The native distribution of the species is in the Black Sea and Caspian Sea in Eurasia. Zebra mussels have become an invasive species in North America, Great Britain, Ireland, Italy, Spain, and Sweden. They disrupt ecosystems through monotypic colonisation and damage harbours and waterways, ships and boats, and water-treatment and power plants. Water-treatment plants are most affected because the water intakes bring the microscopic, free-swimming larvae directly into the facilities.

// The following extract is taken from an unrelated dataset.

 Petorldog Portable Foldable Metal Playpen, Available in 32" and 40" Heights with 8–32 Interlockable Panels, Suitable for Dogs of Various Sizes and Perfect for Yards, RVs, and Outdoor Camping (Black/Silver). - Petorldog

Zebra mussels also cling to pipes under the water and clog them.

Grossinger reported it in Hungary in 1794. Kerney and Morton described the rapid colonisation of Britain by the zebra mussel, first in Cambridgeshire in the 1820s, London in 1824, and in the Union Canal near Edinburgh in 1834.

In 1827, zebra mussels were seen in the Netherlands at Rotterdam. Canals that artificially link many European waterways facilitated their early dispersal. It is nonindigenous in the Czech Republic in the Elbe River in Bohemia since 1893; in southern Moravia, it is probably native. Around 1920 the mussels reached Lake Mälaren in Sweden.

The first appearance of the organism in northern Italy was in Lake Garda in 1973; in central Italy, they appeared in Tuscany in 2003.

Zebra mussels are present in British waterways. Many water companies are reporting problems with their water-treatment plants, with mussels attaching themselves to pipework. Anglian Water has estimated that it costs £500,000 per year to remove the mussels from their treatment plants. Zebra mussels arguably have also affected fishing, for example at Salford Quays, where their introduction has changed the environment for the fish.

Zebra mussels were first reported in Ireland in 1997, but probably arrived in 1994 or earlier. First identified near Lough Derg, they may have been introduced to Ireland through several vectors but have since spread through much of the River Shannon and its adjacent waters. In the summers of 2023 and 2024, zebra mussels were one contributing factor to a major bloom of toxic cyanobacteria in Lough Neagh, the largest body of freshwater in the United Kingdom. In 2021 the similar quagga mussel was identified in the Shannon, which is capable of tolerating a wider range of environmental conditions. The spread of quagga mussels is expected to reduce zebra mussel populations over time while increasing the overall environmental impact.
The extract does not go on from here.